THE TASK:
Keep the pictures out, please, and set down every record exactly.

--------------------------------------------------

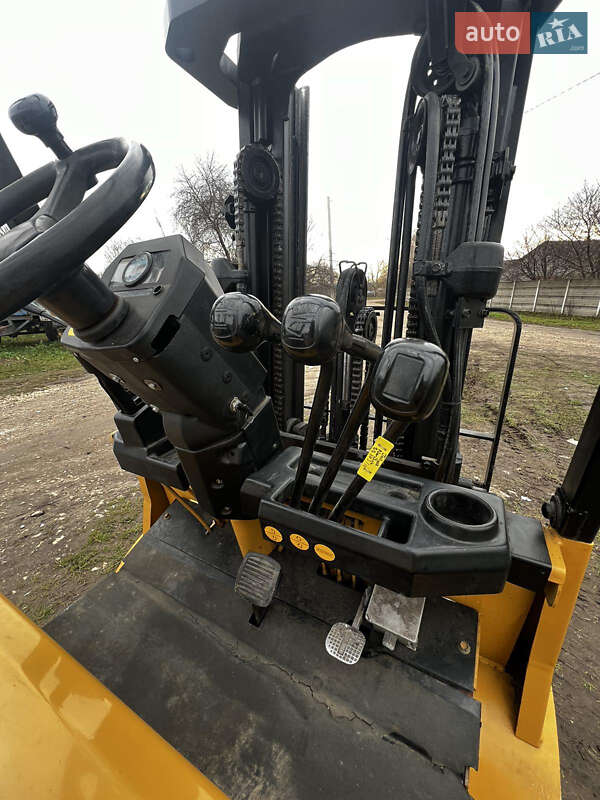 Вилочный погрузчик Caterpillar EP 2008 в Тернополе фото 9 Вилочный погрузчик Caterpillar EP 2008 в Тернополе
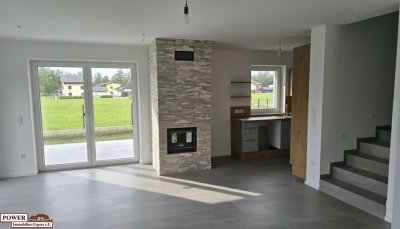 Doppelhaushälfte mit PV Anlage Erstbezug !!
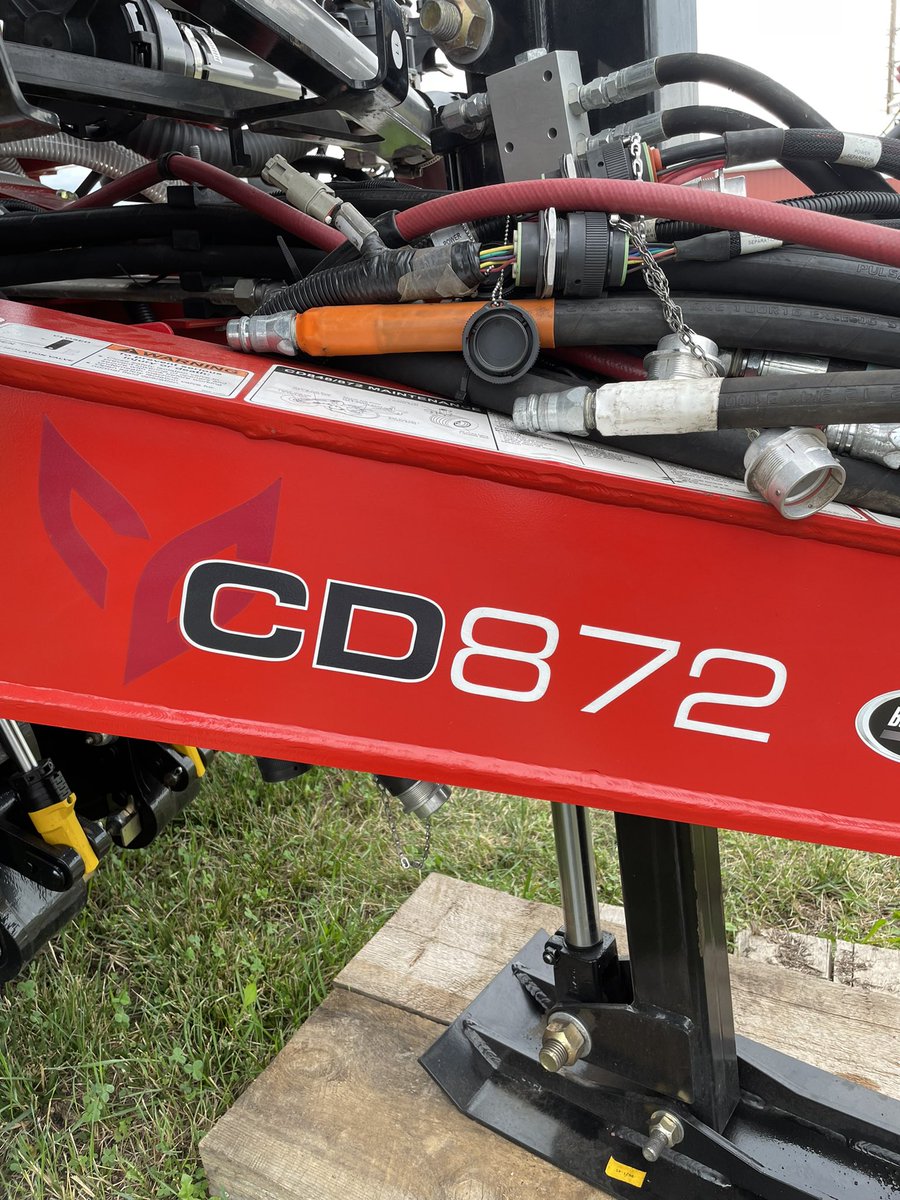 treborfarmer's tweet photo. @strofarm Not quite mounted but I saw this at Farm Progress. Pretty cool very narrow transport and fertilizer https://t.co/2E2f9TAlcD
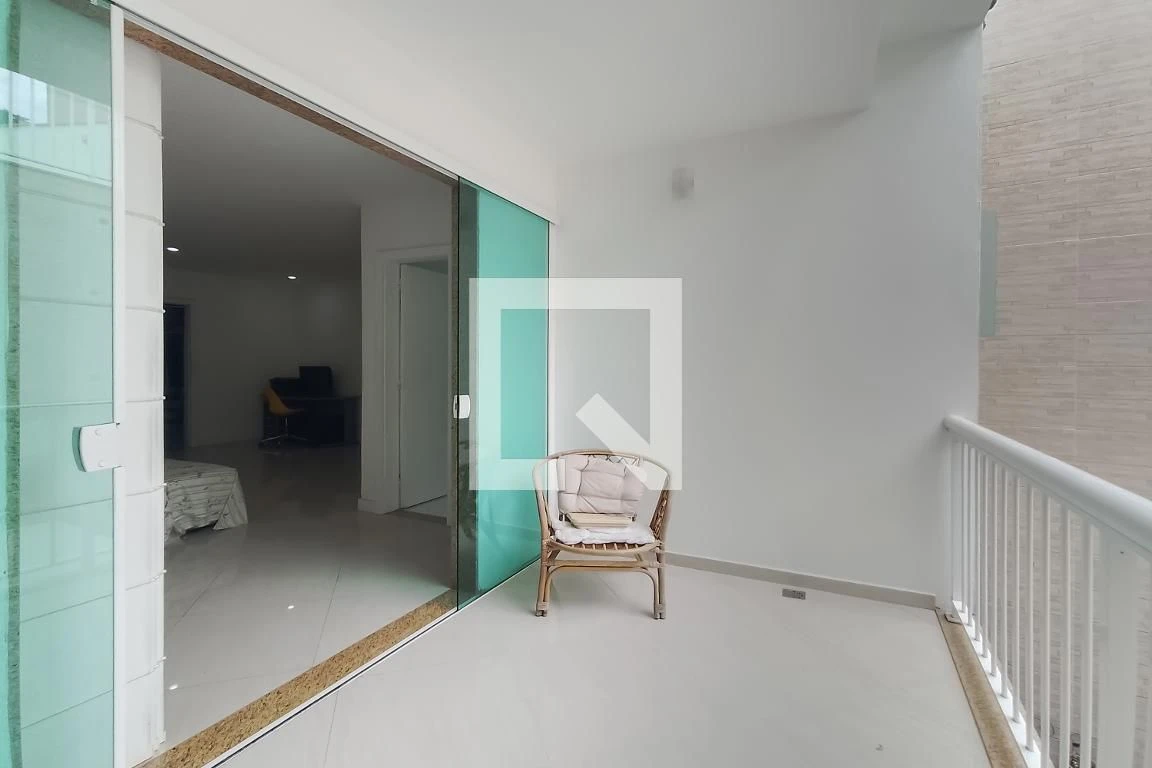 460 m² house with a water view and a private pool — photo 44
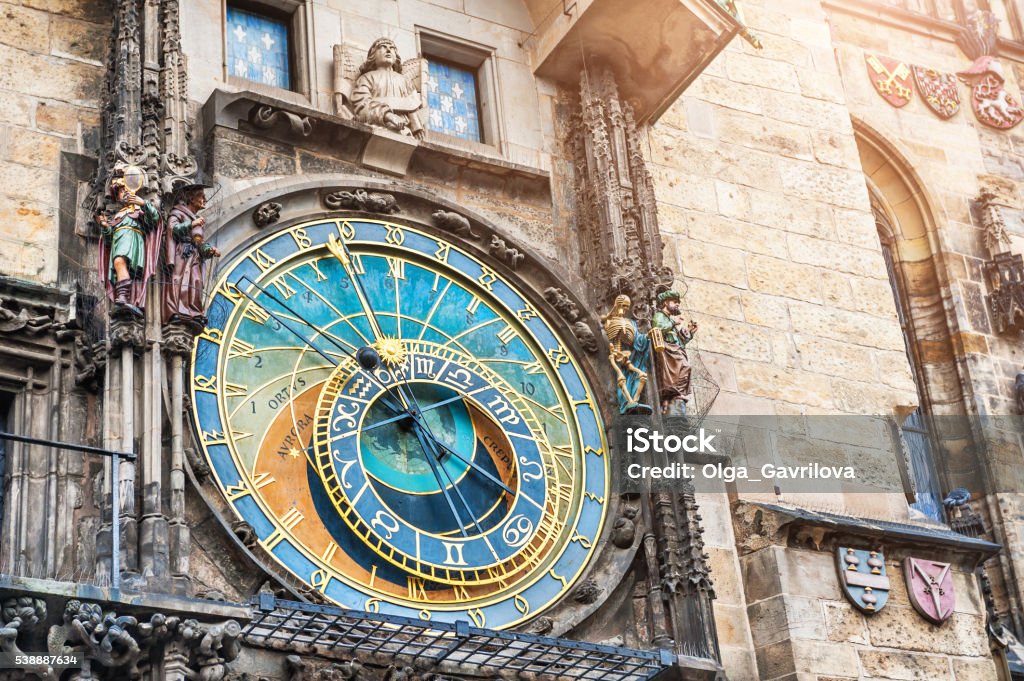 Histórico relógio astronômico medieval em Praga - Foto de stock de Praga royalty-free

--------------------------------------------------

TASK ANSWER:
 Вилочный погрузчик Caterpillar EP 2008 в Тернополе фото 9 Вилочный погрузчик Caterpillar EP 2008 в Тернополе
 Doppelhaushälfte mit PV Anlage Erstbezug !!
 treborfarmer's tweet photo. @strofarm Not quite mounted but I saw this at Farm Progress. Pretty cool very narrow transport and fertilizer https://t.co/2E2f9TAlcD
 460 m² house with a water view and a private pool — photo 44
 Histórico relógio astronômico medieval em Praga - Foto de stock de Praga royalty-free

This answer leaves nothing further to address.